UPDATE: The animation is not available when browsing LatentSpace_Prediction_visualisation.ipynb using the github website, you need to first add the dataset folder solution to the same directory as the LatentSpace_Prediction_visualisation.ipynb (I didn't do that in any commit because the dataset is too large) then run the visualisation notebook manually to watch it.

UPDATE of UPDATE: No worries, I have save the animation as a GIF file called actual_and_Predictions.gif so that you can watch it directly.

amartinhuertas commented 10 months ago

UPDATE: The animation is not available when browsing LatentSpace_Prediction_visualisation.ipynb using the github website, you need to first add the dataset folder solution to the same directory as the LatentSpace_Prediction_visualisation.ipynb (I didn't do that in any commit because the dataset is too large) then run the visualisation notebook manually to watch it.

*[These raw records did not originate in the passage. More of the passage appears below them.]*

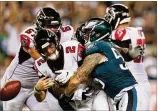  ?? MITCHELL LEFF / GETTY IMAGES ?? Falcons quarterbac­k Matt Ryan and the offense struggled in the red zone in the opening-night loss at Philadelph­ia.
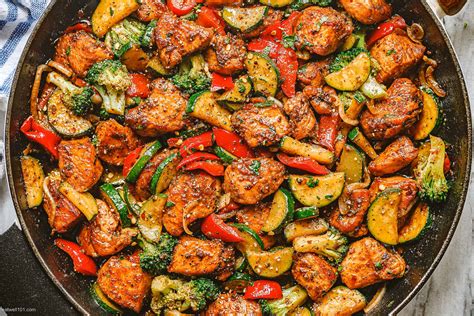 One Pot Chicken and Vegetables Skillet (Healthy & Low Carb)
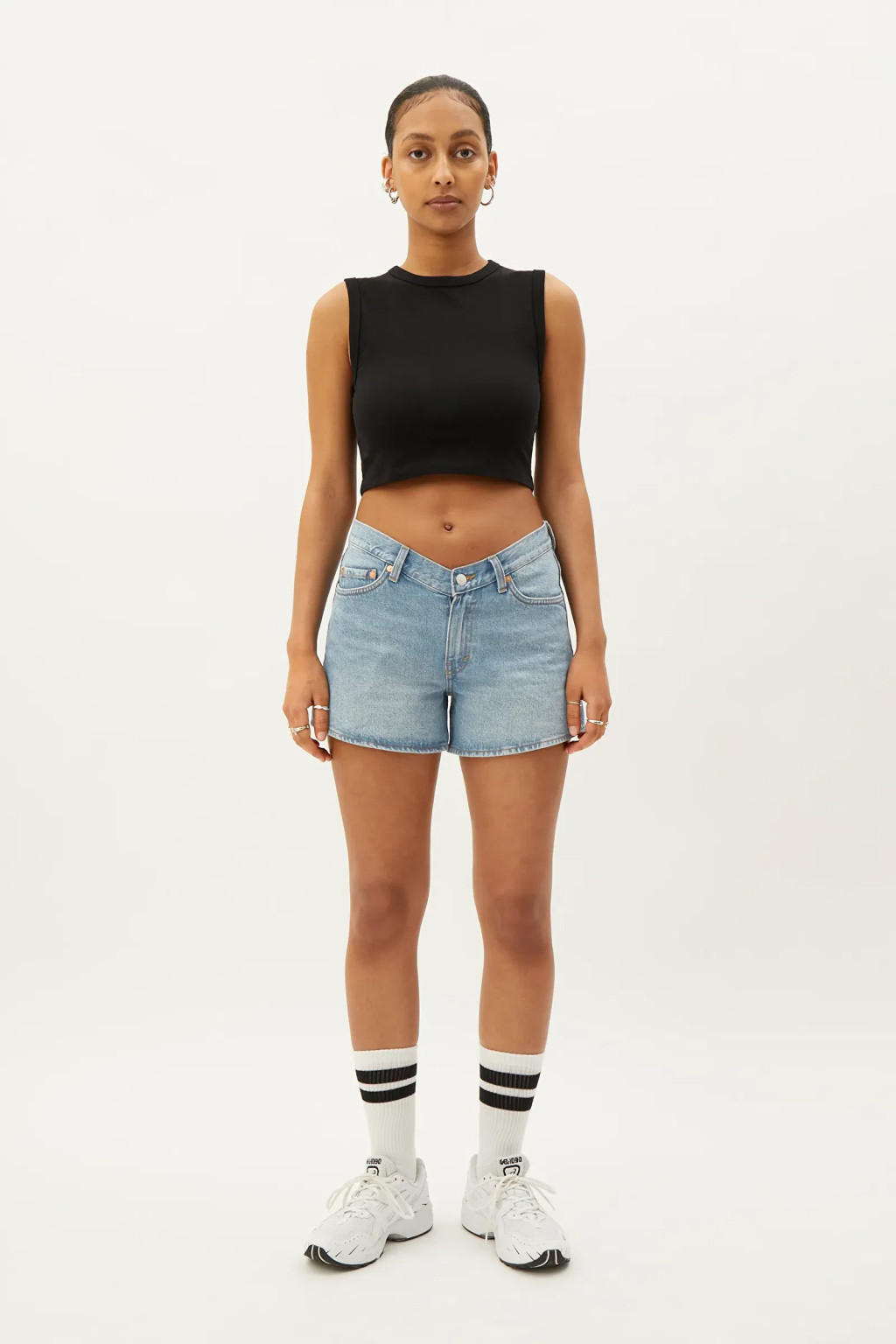 KRÓTKIE SPODENKI JEANS ASYMETRIA
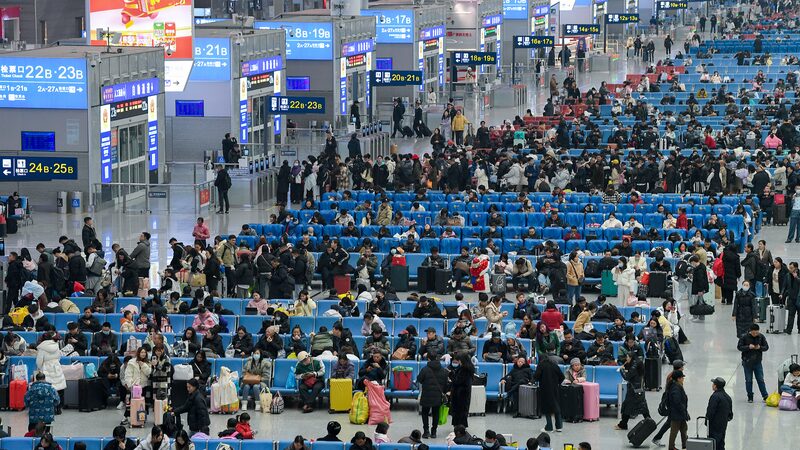 China_s_Vice_Premier_Ensures_Safe___Smooth_Spring_Festival_Travel___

Note that you can also save the animation in, e.g., an mp4 file. https://www.geeksforgeeks.org/how-to-save-matplotlib-animation/

amartinhuertas commented 10 months ago

UPDATE of UPDATE: No worries, I have save the animation as a GIF file called actual_and_Predictions.gif so that you can watch it directly.

Ok, I just saw this comment of yours ...

GiteonCaulfied commented 10 months ago

Hi,

I've added a simple PCA analysis for a selected time series file to LatentSpace_Prediction_visualisation.ipynb. The PCA analysis includes the original temperature field and the predicted temperature field (the output-feed-as-input looping one). Y-axis represents the eigenvalues and X-axis represents the timestamps. (I haven't tried to get the best and the worst result from all the time series files yet, but I will do this later)

Also, as discussed on the meeting yesterday, I've added the animation of another way of prediction to the GIF, apart from the output-feed-as-input looping one. This one applies prediction to each of the original temperature fields so that there's no output-feed-as-input involved (only feed input to get output). As expected, this method works way better than the previous one, which is consistent with the discussion on the meeting: maybe ML is not designed to handle output-feed-as-input loop in the beginning.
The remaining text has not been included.